[
https://issues.apache.org/jira/browse/HBASE-8784?page=com.atlassian.jira.plugin.system.issuetabpanels:comment-tabpanel&focusedCommentId=13691109#comment-13691109
]
Lars George commented on HBASE-8784:
------------------------------------
I did think of the meta blocks in the files. The issue is of course that these
"super" deletes span possibly multiple regions and even servers. Your
suggestion of .META. and/or a special delete table therefore makes sense to
synchronize this across all of them.
Adding an extra table triggers a lot of questions I presume, like how to handle
that efficiently and consistently (namespaces etc.). Which of the two would you
think is more manageable/less intrusive?
As for your approach, that is indeed a user-land implementation of a similar
feature, and the semantics about when data is freed is also the same as any
other delete. Dropping deleted data faster (maybe even securely like discussed
on the mailing list right now) is a whole different story.
> Wildcard/Range/Partition Delete Support
> ---------------------------------------
>
> Key: HBASE-8784
> URL: https://issues.apache.org/jira/browse/HBASE-8784
> Project: HBase
> Issue Type: New Feature
> Components: Client, Deletes, regionserver
> Reporter: Lars George
>
> We often see use-cases where users, for example with timeseries data, would
> like to do deletes of large ranges of data, basically like a delete of a
> partition as supported by RDBMSs.
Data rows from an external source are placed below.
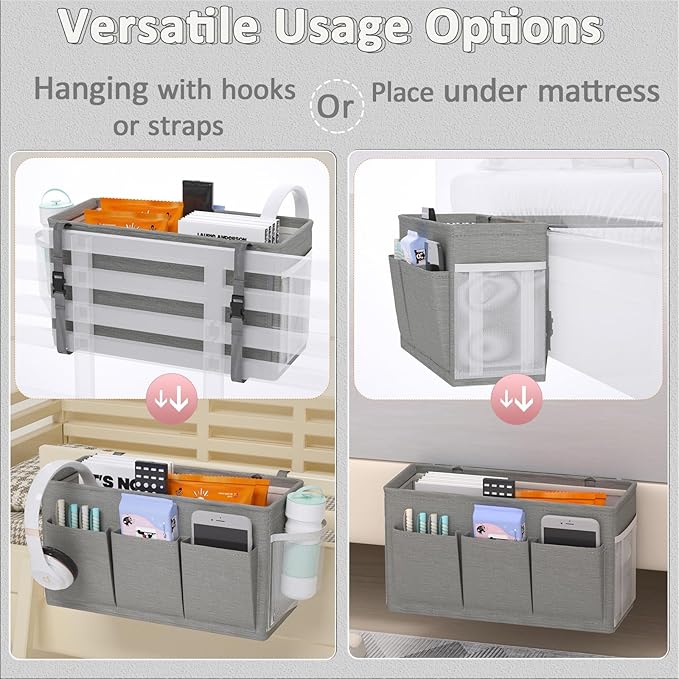 Dual-purpose Bedside Caddy Bedside Organizer, Bed Caddy with 6 Pockets, Versatile Bedside Storage Solution Magazine Remotes holder, ideal for Home, Dorm, Hospital, Crib Bed (Grey)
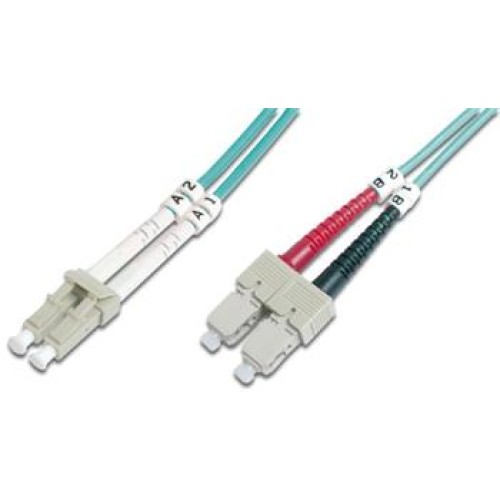 Digitus Fiber Optic Patch Cable, LC to SC, Multimode 50/125 µ, Duplex, Class OM3 10 m
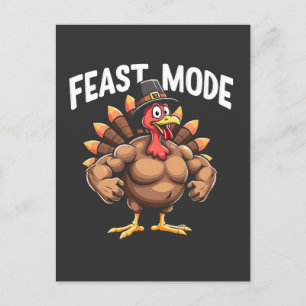 Feestmodus Grappige Thanksgiving Turkije Fitnessma Briefkaart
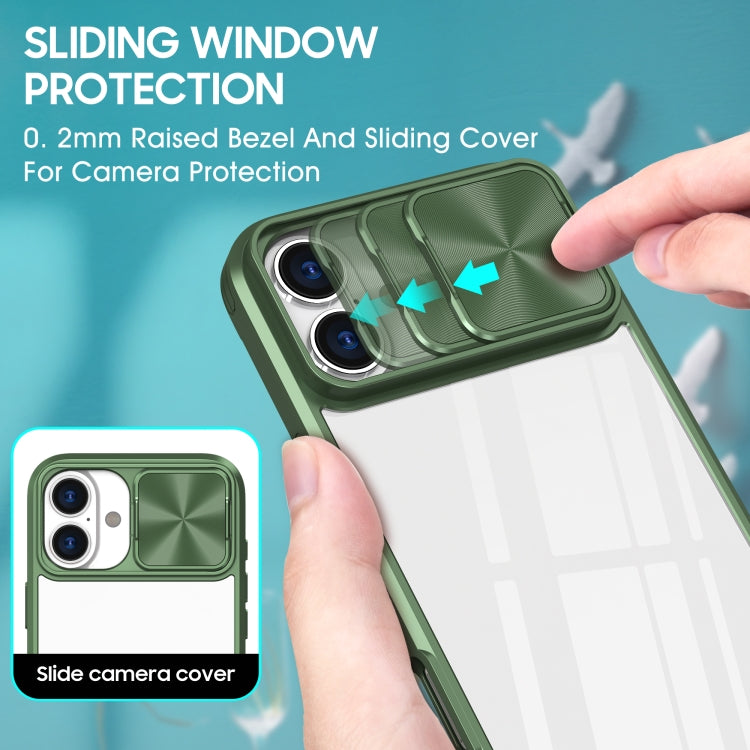 For iPhone 16 Pro Sliding Camshield Acrylic Hybrid TPU Phone Case(Olive Green) - iPhone 16 Pro Cases by buy2fix | Online Shopping UK | buy2fix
We should support regular expressions or
> range expressions for the matches (supporting binary keys obviously).
> The idea is to store the deletes not with the data, but the meta data. When
> we read files we read the larger deletes first, and then the inline ones. Of
> course, this should be reserved for few but very data intensive deletes. This
> reduces the number of deletes to write to one, instead of many (often
> thousands, if not millions). This is different from the BulkDeleteEndpoint
> introduced in HBASE-6942. It should support similar Scan based selectiveness.
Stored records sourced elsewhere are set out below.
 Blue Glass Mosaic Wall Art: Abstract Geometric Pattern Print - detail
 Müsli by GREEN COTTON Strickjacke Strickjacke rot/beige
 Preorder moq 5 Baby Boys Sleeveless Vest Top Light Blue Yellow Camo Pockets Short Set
> The new range deletes will mask out all the matching data and handled
> otherwise like other deletes, for example being dropped during major
> compactions, once all masked data has been dropped too.
> To be discussed is how and where we store the delete entry in practice, since
> meta data might not be wanted. But it seems like a reasonable choice. The
> DeleteTracker can handle the delete the same with additional checks for
> wildcards/ranges. If the deletes are not used, no critical path is affected,
> therefore not causing any additional latencies or other regressions.
--
This message is automatically generated by JIRA.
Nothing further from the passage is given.